What isn’t a secret is that the business life-cycle for technology companies, from scale-up to exit, is accelerating—intensifying the pressure.
Determining objectives and achieving vision
The most onerous task may be the one that’s constant. Scale to sale or IPO, tech leaders need to know what their objectives are—vision and values are foundational at every stage of your company’s growth.
“I had a little piece of paper in my wallet—I wrote down three things that were non-negotiables for me,” says Saud, describing what he needed for the sale of his business. While such non-negotiables will be individual to every tech scale-up, there’s value in deciding what they are, and not losing sight of them along the journey.
“What type of exit matches your objectives?” Ryan Farkas, who leads Transaction Advisory Services at BDO Canada, asks. “It always comes back to your personal and your professional ambitions. […] Our mission, our ‘big why,’ is to be people who help people achieve their dreams. Our clients, our communities—our goals is to get them where they want to be.”
Compliance and local standards
“Tech’s a really interesting space because there’s always an exit strategy. You either think you’re going to be the next Facebook, or Google, or Microsoft, or you think they’re going to buy you,” says Armand Capasciolto, National Accounting Standards partner at BDO. “And, it’s not something you can prepare for overnight.”
Armand adds: “If an IPO is your exit strategy—your monetization strategy to get the value out of your company—you need to be thinking about that three years in advance. If you’re building something and that’s your strategy, that’s how you start building your company from day one. I’m not saying you have to be a public company on day one, but step-by-step evolving toward that.”
“If I’m thinking about an IPO, and an IPO in Canada, I need to be following IFRS. If I’m thinking about an IPO in the U.S., I need to be thinking about U.S. GAAP,” he advises. “But private companies in Canada aren’t required to follow either of those—we have our own private-enterprise standards. There are mechanisms to move between standards, but it’s a lot easier from day one.”
“Having an appropriate framework informs how an acquirer will view and value your business,” Michael says. “It helps them compare like entities.”

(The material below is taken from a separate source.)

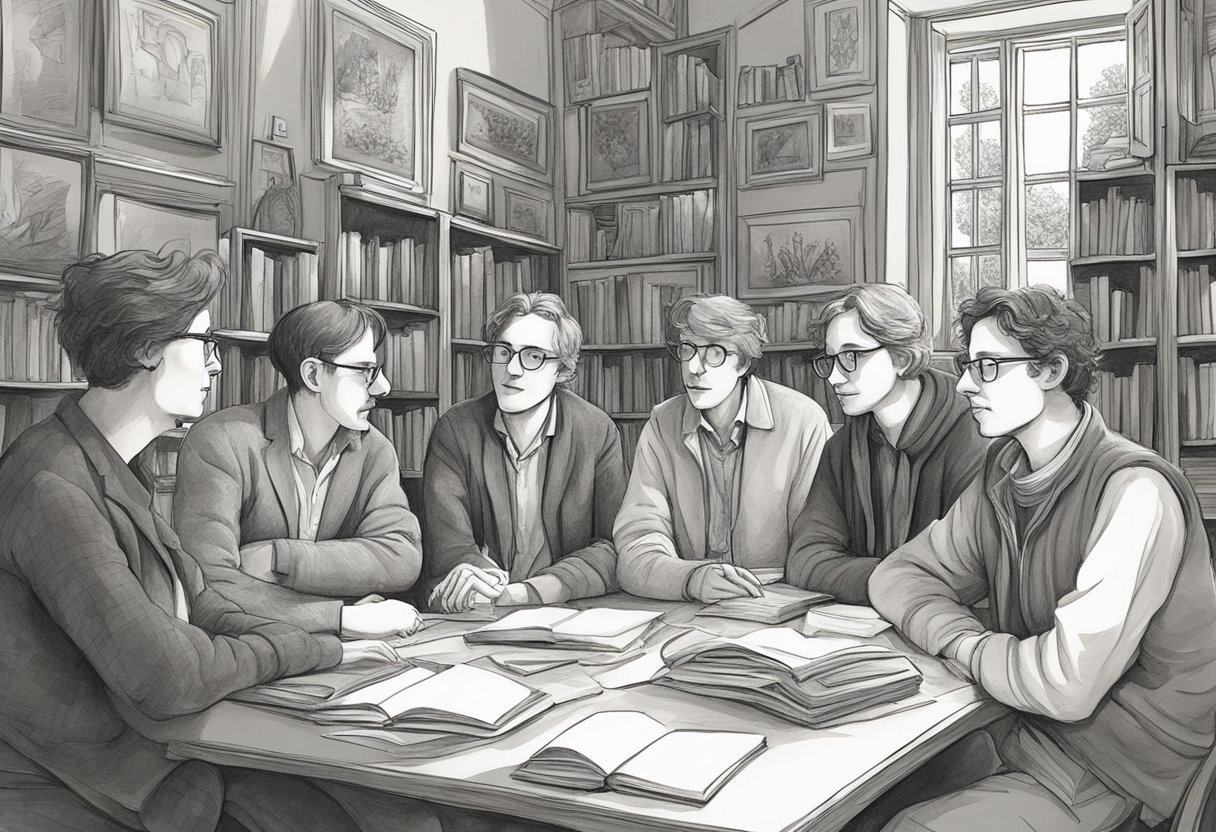 Poets from Oxford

“Because there are differences,” Armand adds, “especially in how we account for revenue, between IFRS, U.S. GAAP, and Canadian private-enterprise standards, and, all of a sudden, a private-equity fund in the U.S. is using metrics that aren’t working to determine the value of a Canadian company. If their metrics aren’t working in the way they’ve traditionally valued companies, there’s too much uncertainty, the investor could think ‘Maybe, I should just walk away. My models aren’t working the way I want my models to work.’”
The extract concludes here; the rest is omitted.